**PROBLEM TO SOLVE:** From the first line to the last, copy the listing exactly and omit the pictures.
### DATASET CONTENT
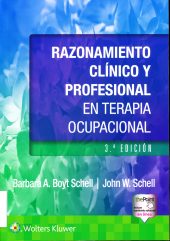 Razonamiento Clínico y Profesional en Terapia Ocupacional
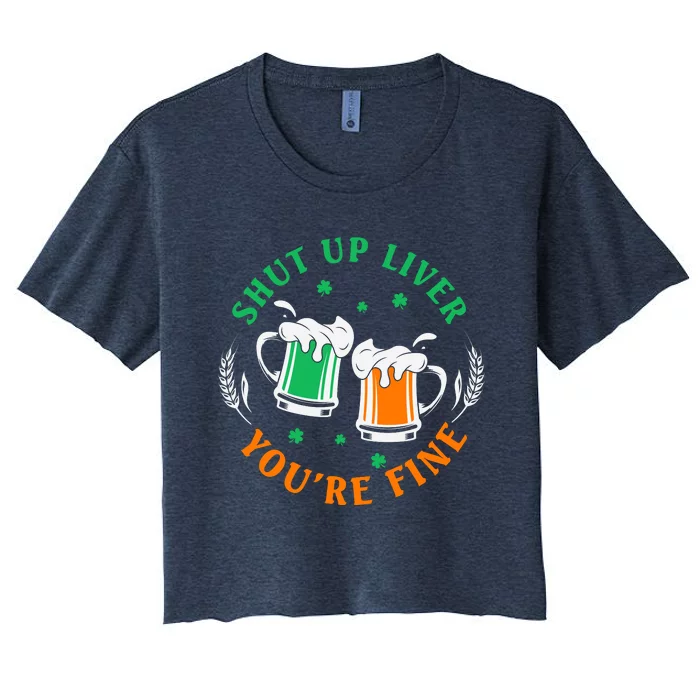 SHUT UP LIVER YOU'RE FINE FUNNY DRINKING ST PATRICKS DAY Women's Crop Top Tee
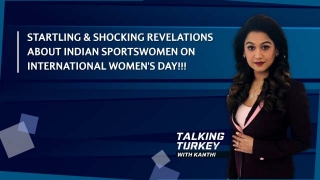 Shocking & Startling revelations of our Sportswomen..!!!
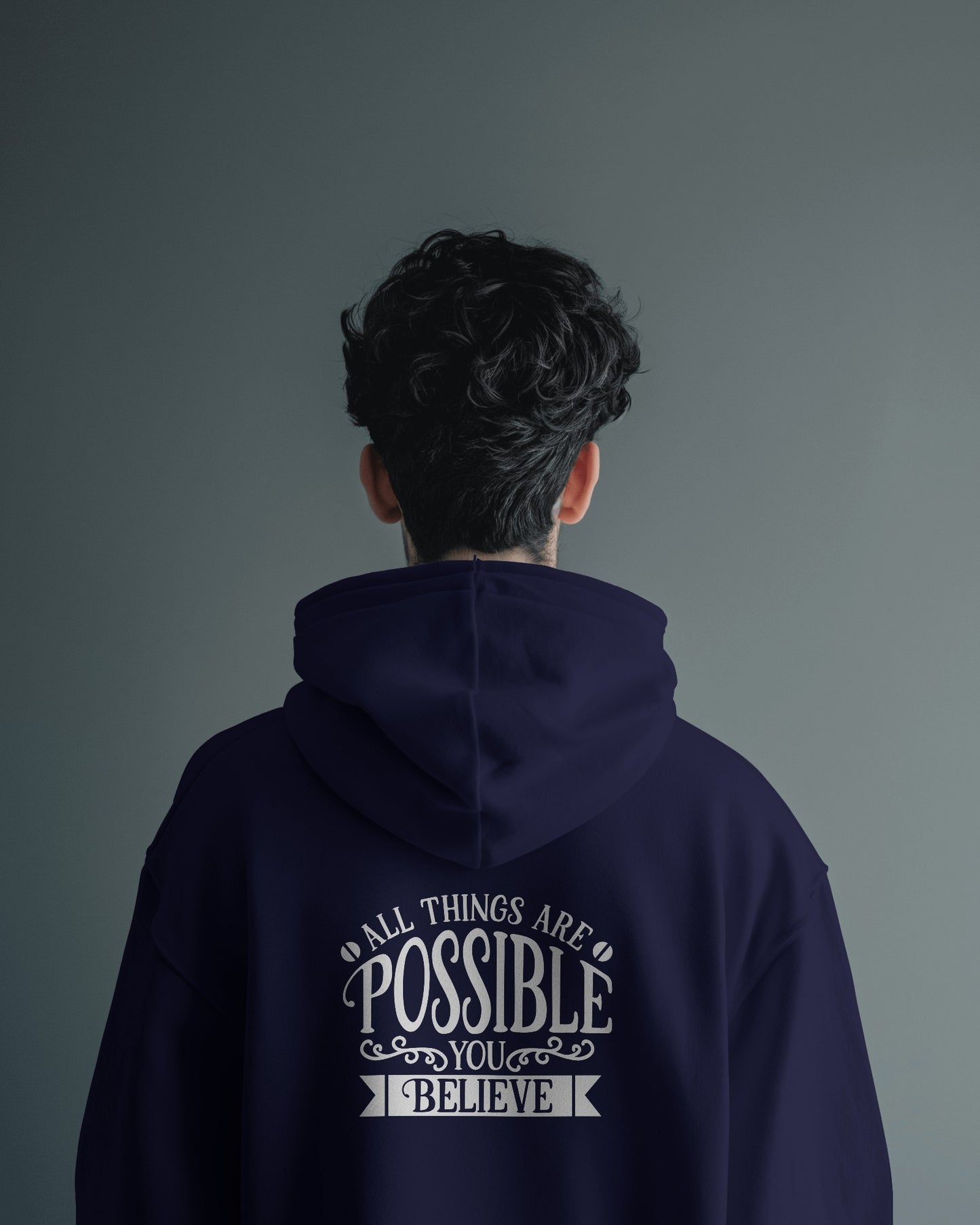 Inspirational Men's Hoodie- 'All Things Are Possible'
######
**TASK RESULT:**
 Razonamiento Clínico y Profesional en Terapia Ocupacional
 SHUT UP LIVER YOU'RE FINE FUNNY DRINKING ST PATRICKS DAY Women's Crop Top Tee
 Shocking & Startling revelations of our Sportswomen..!!!
 Inspirational Men's Hoodie- 'All Things Are Possible'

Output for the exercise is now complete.